Sementara itu, Wakil Bupati Pasuruan, Shobih Asrori menegaskan, persoalan kawasan kumuh tidak semata soal infrastruktur, melainkan juga menyangkut problem urban dan akses layanan dasar masyarakat.
“Warga di kawasan kumuh sering mengalami keterbatasan layanan dasar. Bendomungal dipilih karena merupakan kawasan kumuh perkotaan dan berada di ibu kota kabupaten Pasuruan, sehingga menjadi prioritas untuk dituntaskan,” jelas Shobih Asrori.

Gus Shobih, sapaan akrab Wakil Bupati Pasuruan merasa bersyukur atas adanya penanganan tersebut yang tidak hanya menghapus status kumuh, tetapi juga memberi nilai tambah.
“Alhamdulillah, kawasan ini kini berkembang menjadi wisata religi dan wisata keluarga. Manfaatnya sudah dirasakan langsung oleh masyarakat. Bahkan saat hari libur, parkir kendaraan saja bisa mengantongi uang hingga 500 sampai 900 ribu,” singkat Gus Shobih.
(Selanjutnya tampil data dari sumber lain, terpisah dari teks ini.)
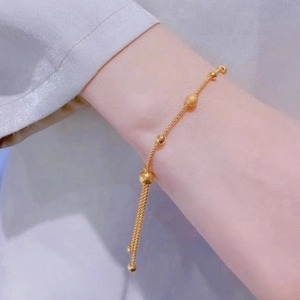 Adjustable 18K gold-plated titanium steel bead bracelet shown on a woman wrist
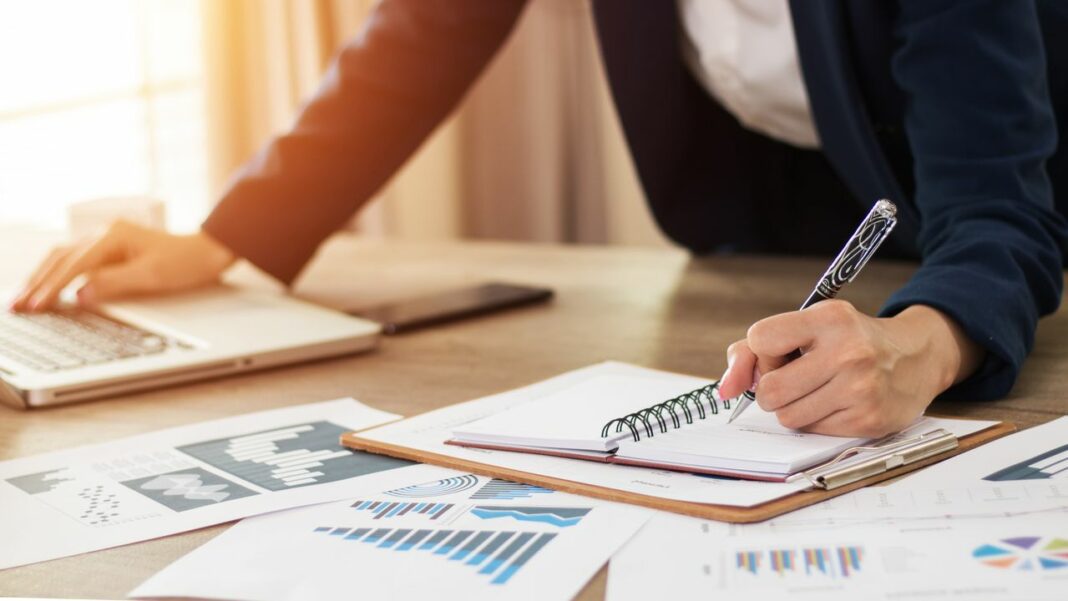 Réunion d'affaires avec documents financiers Personne en réunion d'affaires avec documents et ordinateur portable.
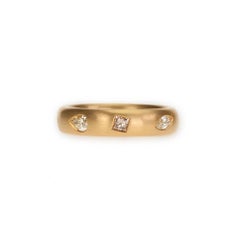 22 Karat Gold Band Featuring Eight White and Fancy Color Diamonds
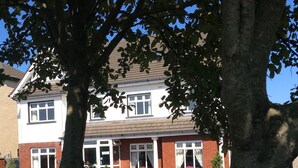 A two-story house with a brick facade, white windows, and a front garden with pink flowers. - Westwinds (Galway)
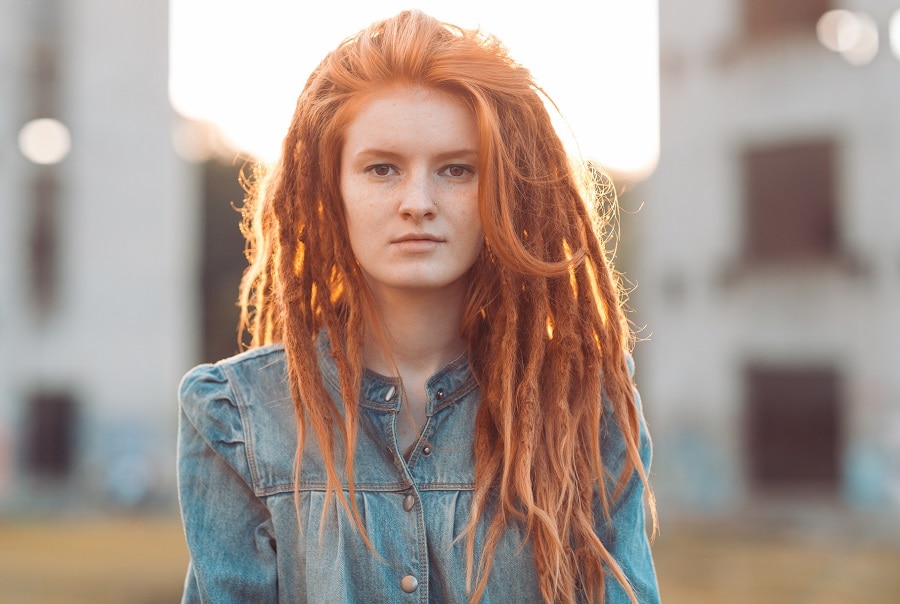 woman with long ginger red dreads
Kedatangan Gubernur Jawa Timur nampak didampingi oleh Kepala Dinas Perumahan Rakyat, Kawasan Permukiman dan Cipta Karya Provinsi Jawa Timur I nyoman gunadi, yang juga menjelaskan bahwa sangat perlu penanganan disetiap kawasan yang terlihat kumuh dan kurang produktif.
“Sebelumnya kita menangani kawasan kumuh ini secara parsial mulai tahun 2025, mengajak seluruh masyarakat di kabupaten/kota di Jawa Timur untuk melakukan penanganan kawasan kumuh secara terpadu dan terintregasi,” ujar I Nyoman Gunadi.
Untuk diketahui, Luas kawasan kumuh di Provinsi Jawa Timur sebesar 8.117 hektar, sedangkab di Kabupaten Pasuruan luas kawasan kumuh tercatat sebesar 440,44 hektar.
Untuk penanganan kawasan kumuh terintegrasi di Kelurahan Bendomungal, tercatat seluas 11.86 hektar, dengan nilai Rp 9.092.086.310.
Adapun penanganan yang ditangani oleh provinsi di Kelurahan Bendomungal adalah pembangunan jalan lingkungan sepanjang 1.132 meter. Saluran drainase sepanjang 991 meter. Normalisasi sungai, dan penataan ruang terbuka hijau seluas 2.132 meter persegi.